## checkout this papers:

[mMARCO: A Multilingual Version of the MS MARCO Passage Ranking Dataset](https://arxiv.org/abs/2108.13897)

[A cost-benefit analysis of cross-lingual transfer methods](https://arxiv.org/abs/2105.06813)


In [1]:
#load the mMARCO a multilingual version of the MS MARCO passage ranking dataset 
#from huggingface https://huggingface.co/datasets/unicamp-dl/mmarco
from datasets import load_dataset
dataset = load_dataset('unicamp-dl/mmarco', 'arabic')
dataset

You can avoid this message in future by passing the argument `trust_remote_code=True`.
Passing `trust_remote_code=True` will be mandatory to load this dataset from the next major release of `datasets`.


Downloading builder script:   0%|          | 0.00/9.96k [00:00<?, ?B/s]

Downloading readme:   0%|          | 0.00/3.66k [00:00<?, ?B/s]

Repo card metadata block was not found.

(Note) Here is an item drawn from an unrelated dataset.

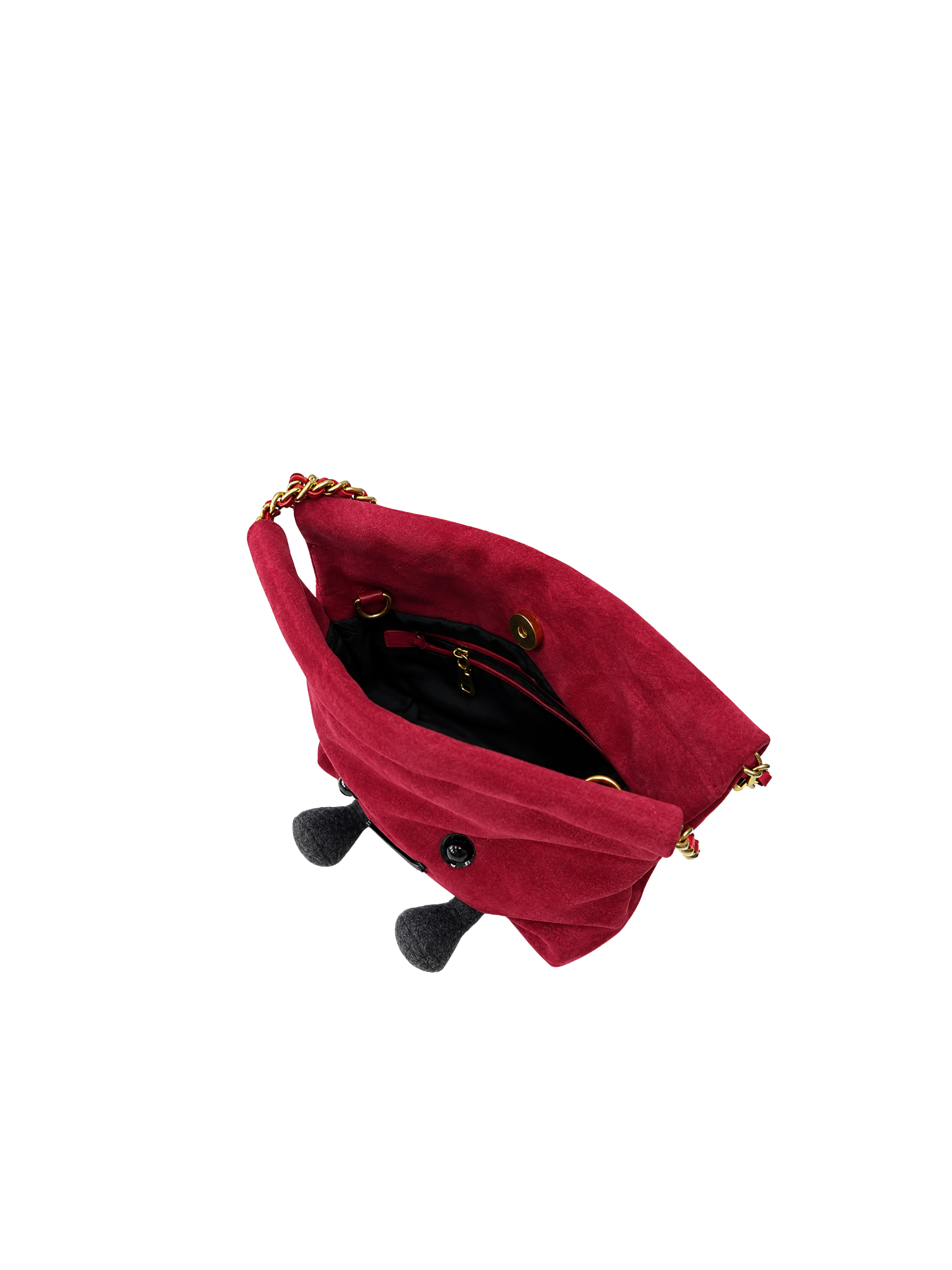Jellykin 18 Suede Shopping Bag in Wine — Interior View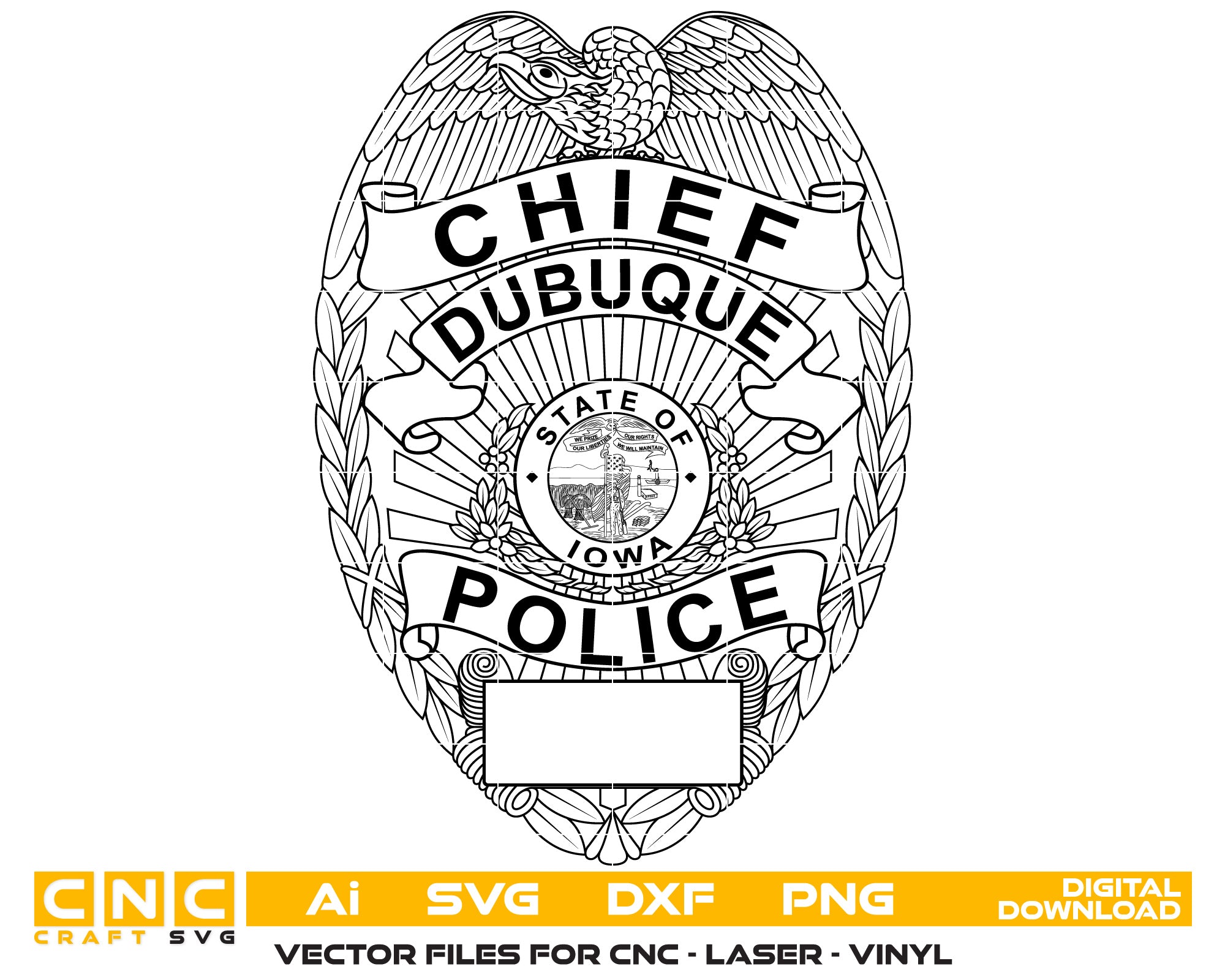 Iowa Dubuque Police Chief Badge vector art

Setting CardData to empty.


Downloading data:   0%|          | 0.00/4.66G [00:00<?, ?B/s]

Downloading data:   0%|          | 0.00/51.9M [00:00<?, ?B/s]

Downloading data:   0%|          | 0.00/905M [00:00<?, ?B/s]

Generating train split: 0 examples [00:00, ? examples/s]

Loading dataset shards:   0%|          | 0/91 [00:00<?, ?it/s]

DatasetDict({
    train: Dataset({
        features: ['query', 'positive', 'negative'],
        num_rows: 39780811
    })
})

In [2]:
# https://huggingface.co/aubmindlab/araelectra-base-discriminator
# A preprocessing is recommended by the authors of AraELECTRA and AraBERT before training or testing on any dataset. 
!pip install arabert -q
from arabert.preprocess import ArabertPreprocessor

model_name="araelectra-base"
arabert_prep = ArabertPreprocessor(model_name=model_name)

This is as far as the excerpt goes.